SOURCE MATERIAL |
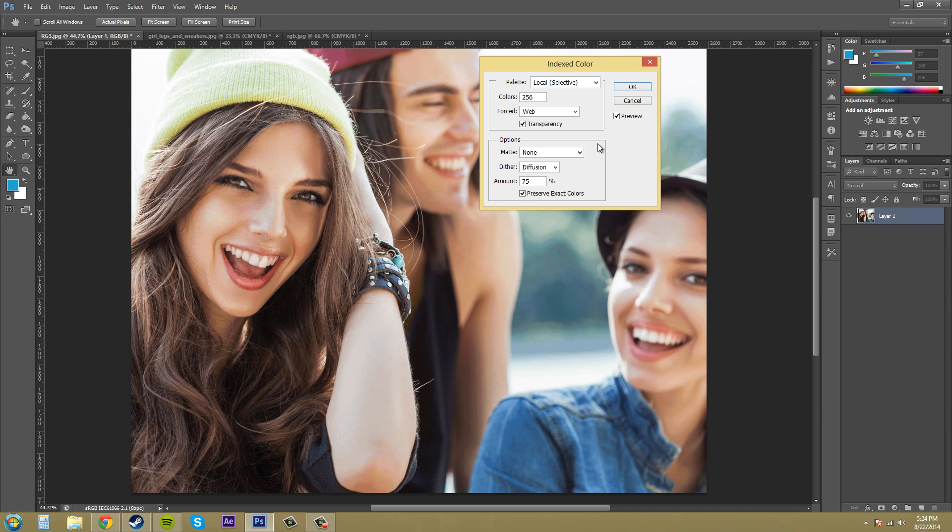So there's a bunch of different options here where you can select how many colors you want. 256 is the most that you can put in the indexed color mode so you can't get like millions of colors like with RGB or CMYK but you can get a decent amount here.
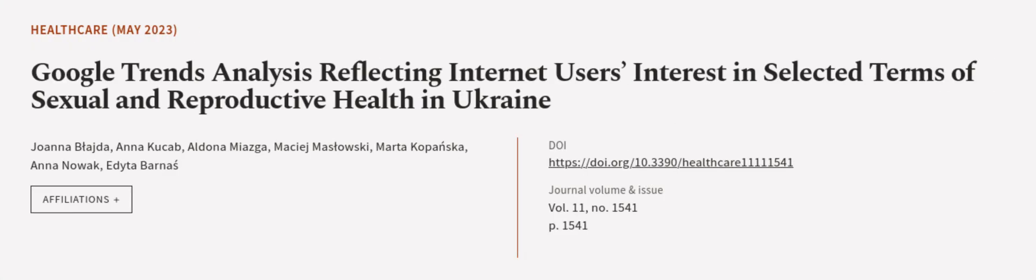This article was authored by Joanna Bladzda, Anna Kikab, Aldona Mayaska, and others.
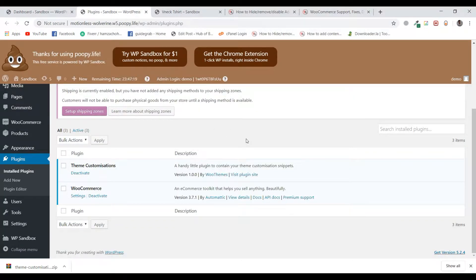Just before we jump into the tutorial, I would like to let you know that I will be using a plugin named Theme Customizations to make the changes to the core files of our theme. I will be leaving the link of the plugin as well as the tutorial in the description below. This is a very useful plugin as it keeps the changes safe even if you update the theme.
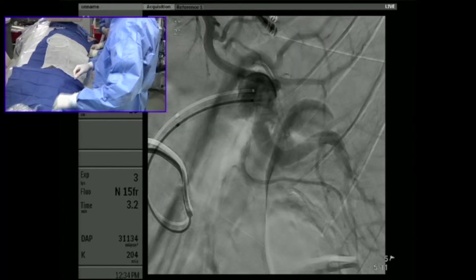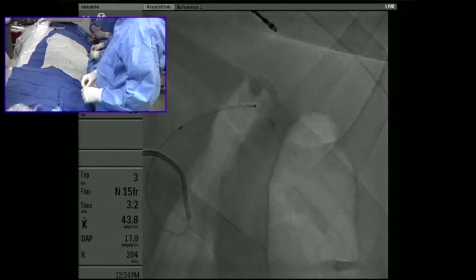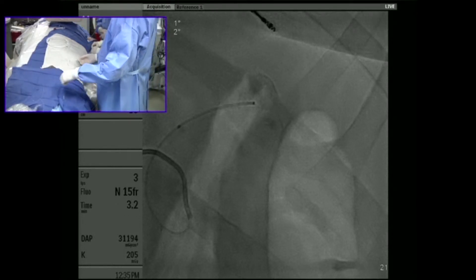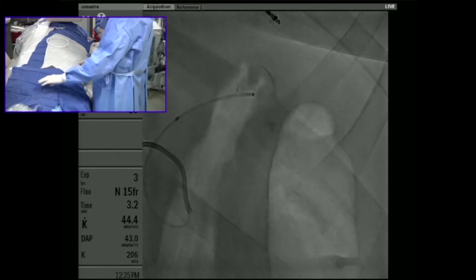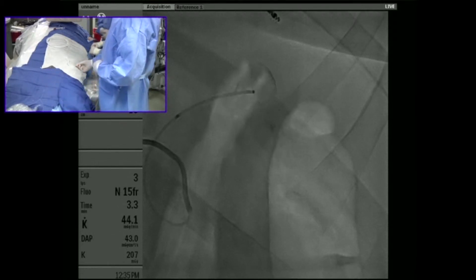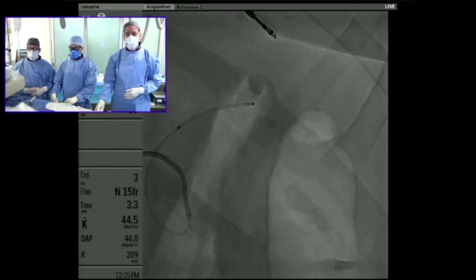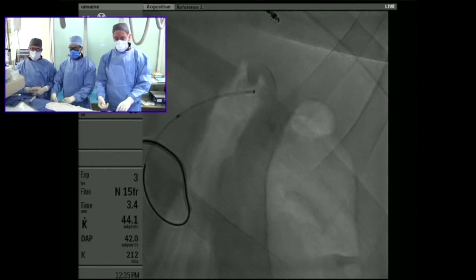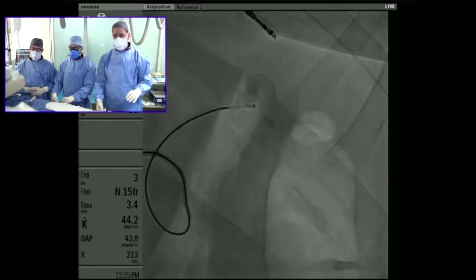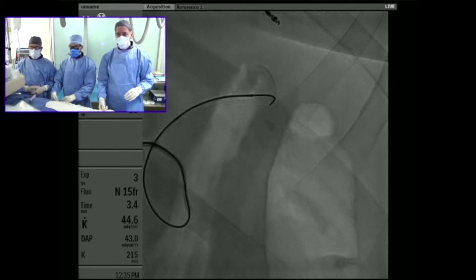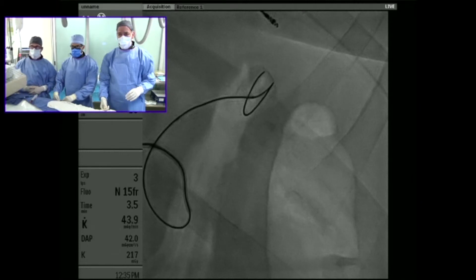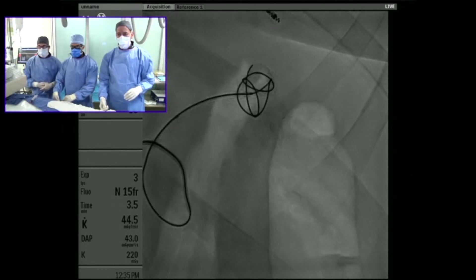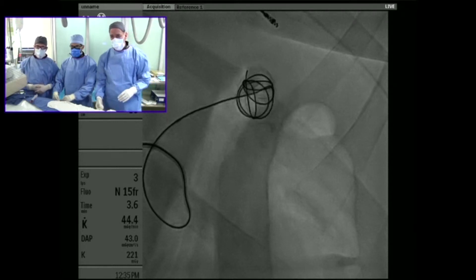The first coil is a framing coil; the size of this particular coil is 20 by 50. As you see it going through the microcatheter, it's going to create somewhat of a cage for the rest of our coils — this is what we would typically do as the first coil, as it gives us a lot of support. In some situations we would coil the outflow first, but here we are coiling the aneurysm sac directly.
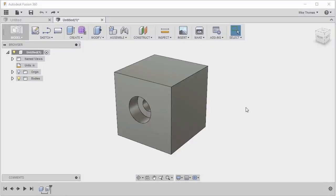In this exercise we're going to use the Box with Hole Fusion Archive model that's included with the working files for this course. Once you've got that model open and loaded,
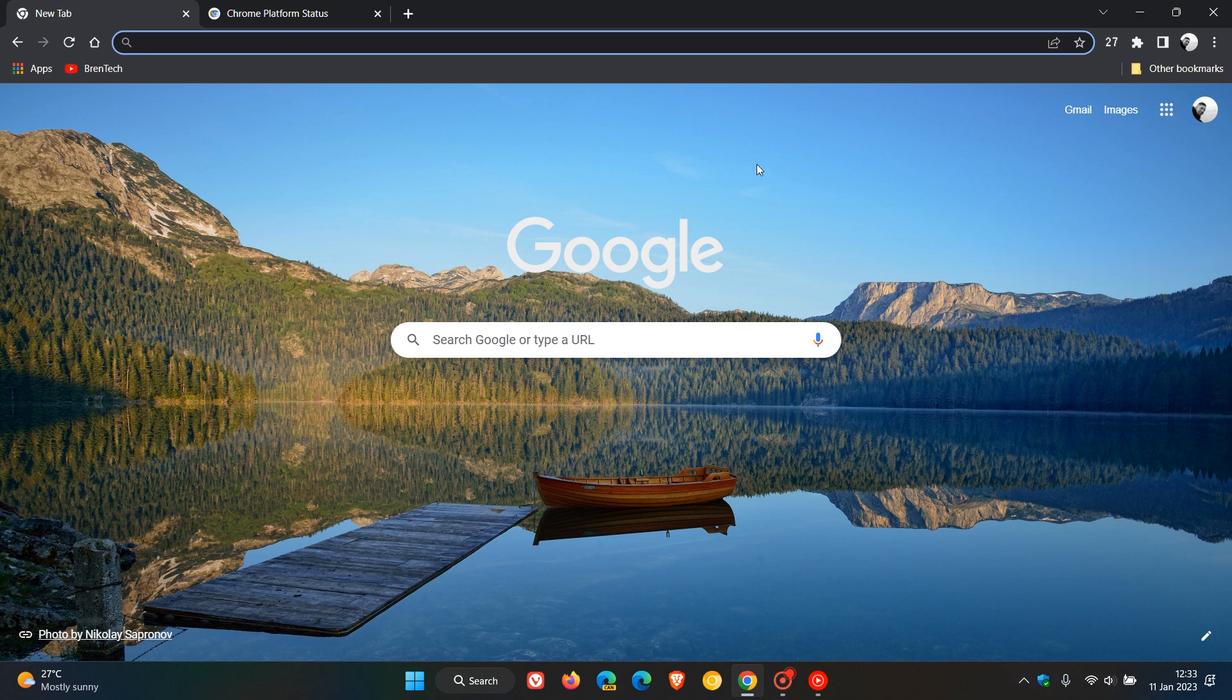Brent Tech here where tech is made simple. We have our first and latest release of the Google Chrome web browser for desktop, version 109, which is the first release for this year 2023. Quite a bit going on recently with first releases for the new year.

GOAL OF THE EXERCISE |
Nothing but the lines from the one containing "The first coil is" through the end of the listing should be printed, each exactly as it appears and without pictures.

ANSWER SPACE |
The first coil is a framing coil; the size of this particular coil is 20 by 50. As you see it going through the microcatheter, it's going to create somewhat of a cage for the rest of our coils — this is what we would typically do as the first coil, as it gives us a lot of support. In some situations we would coil the outflow first, but here we are coiling the aneurysm sac directly.
In this exercise we're going to use the Box with Hole Fusion Archive model that's included with the working files for this course. Once you've got that model open and loaded,
Brent Tech here where tech is made simple. We have our first and latest release of the Google Chrome web browser for desktop, version 109, which is the first release for this year 2023. Quite a bit going on recently with first releases for the new year.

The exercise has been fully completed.